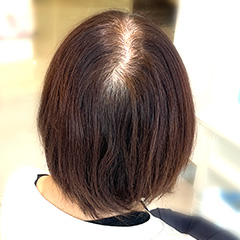 白髪ぞめ前の写真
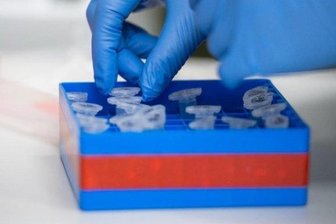 Corona-Lage in Chemnitz: Immer mehr Patienten in Kliniken - Eine Laborantin sortiert Proben.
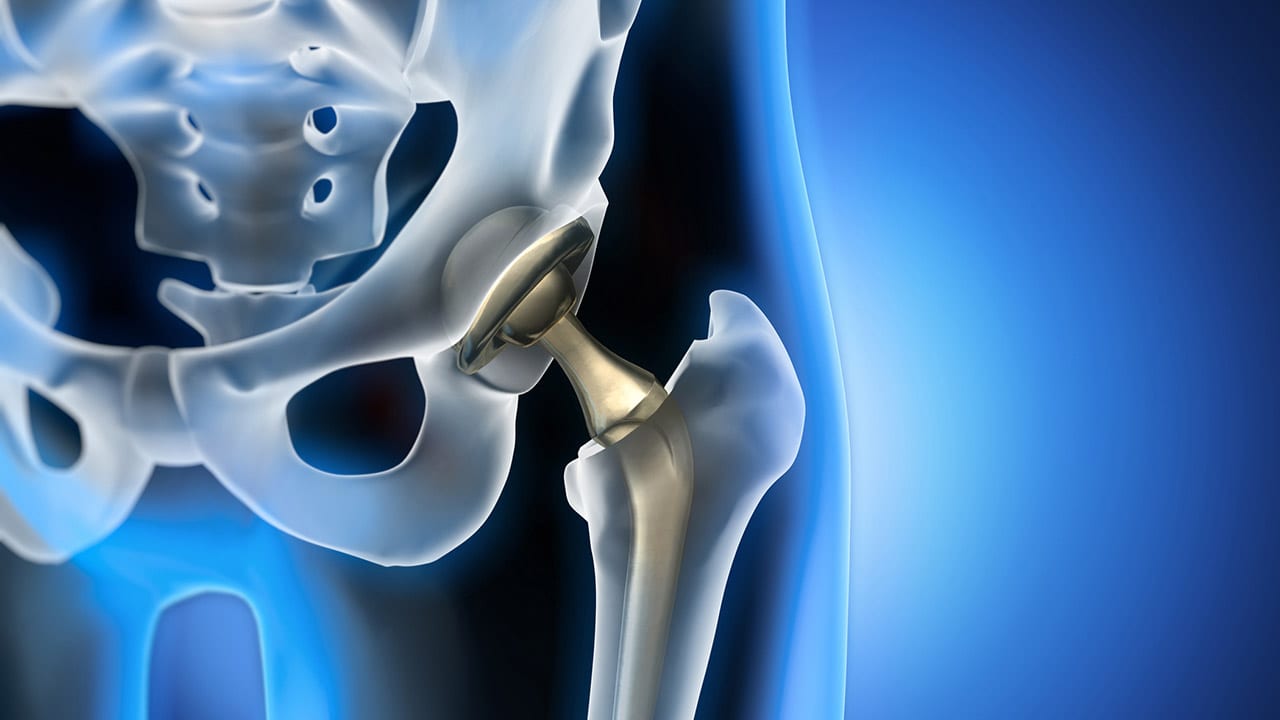 Digital-illustration-of-a-hip-replacement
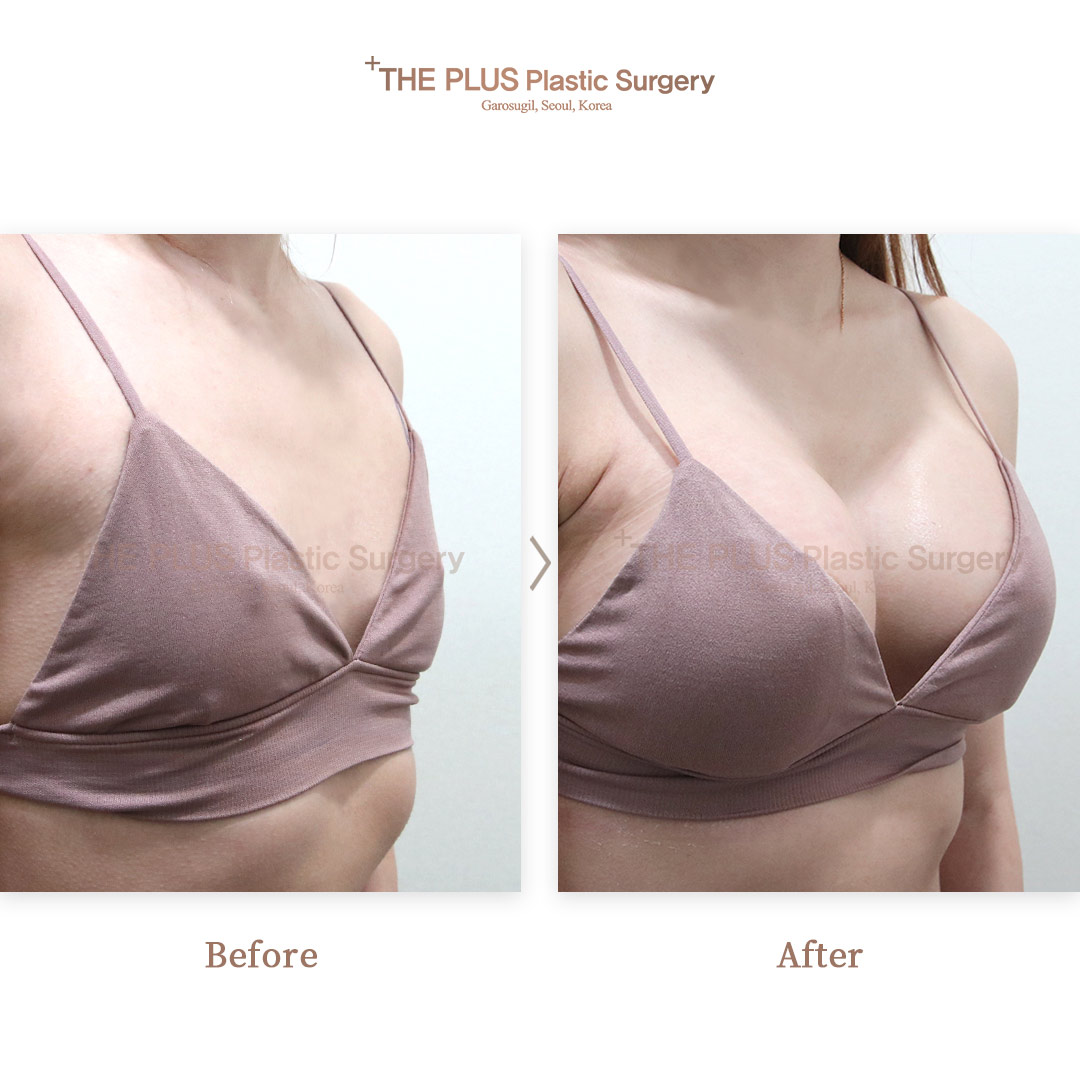 THE PLUS CLINIC KOREA -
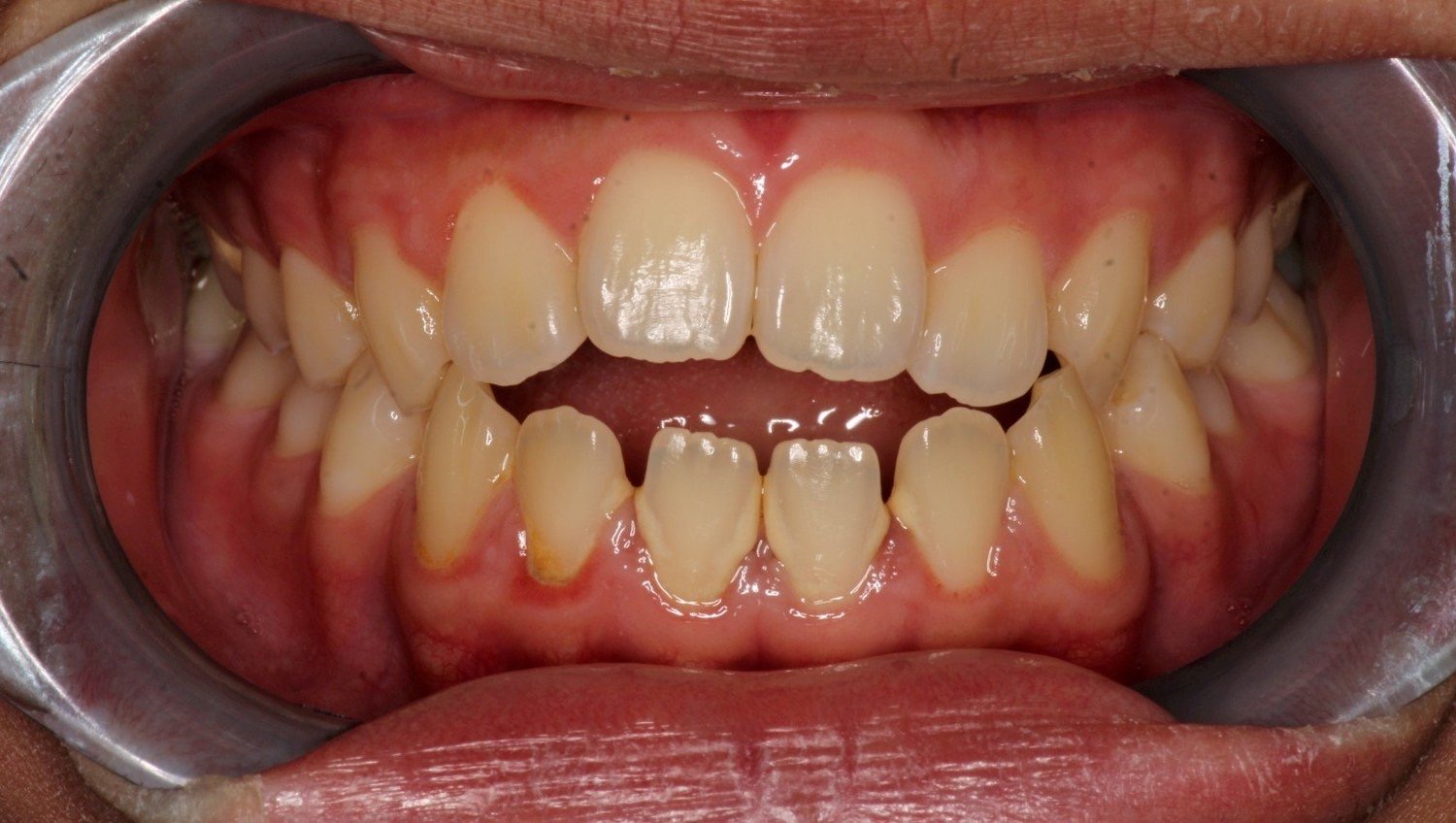 矯正前：牙齒擁擠及變色，使用牙科撐口器固定。 (Before treatment: a close-up showing teeth with crowding and discoloration, held open with a dental retractor.)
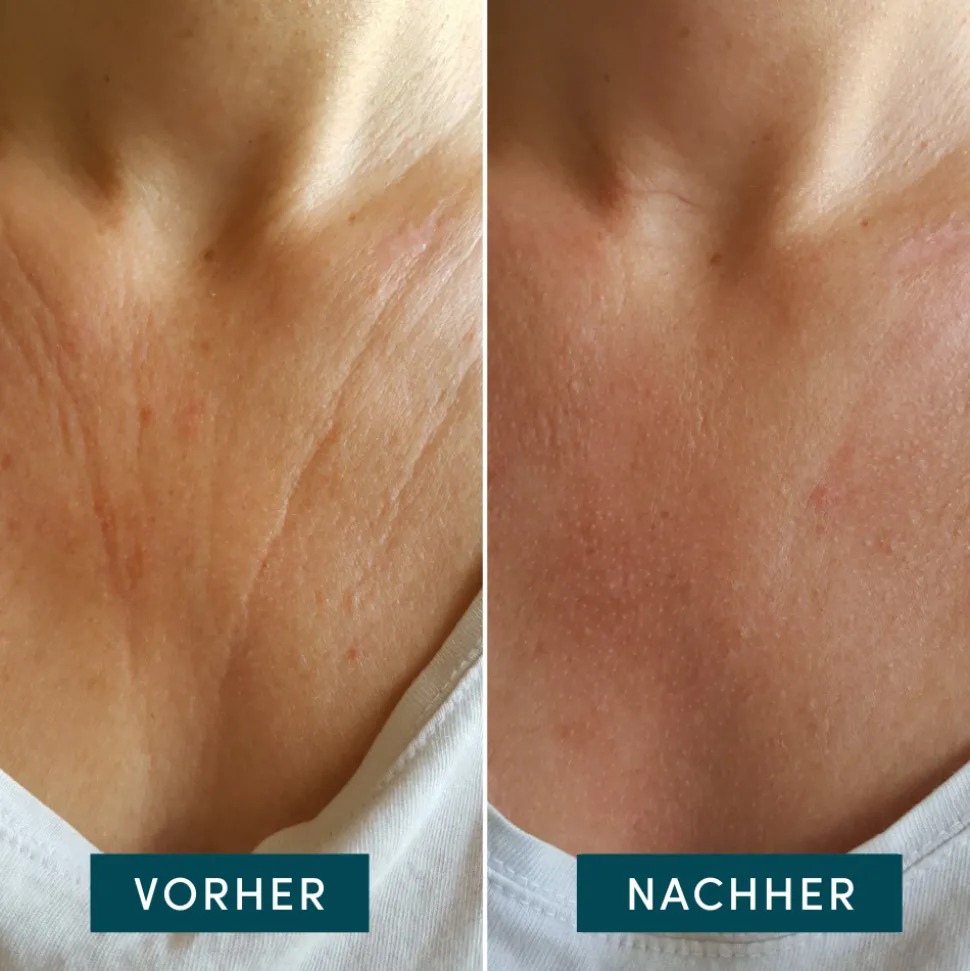 APRICOT Wiederverwendbares Dekolleté Pad mit Hyaluron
++++++++
▶ **Task**
Give back each line above exactly, with pictures dropped.

▶ **Solution for this problem**
 白髪ぞめ前の写真
 Corona-Lage in Chemnitz: Immer mehr Patienten in Kliniken - Eine Laborantin sortiert Proben.
 Digital-illustration-of-a-hip-replacement
 THE PLUS CLINIC KOREA -
 矯正前：牙齒擁擠及變色，使用牙科撐口器固定。 (Before treatment: a close-up showing teeth with crowding and discoloration, held open with a dental retractor.)
 APRICOT Wiederverwendbares Dekolleté Pad mit Hyaluron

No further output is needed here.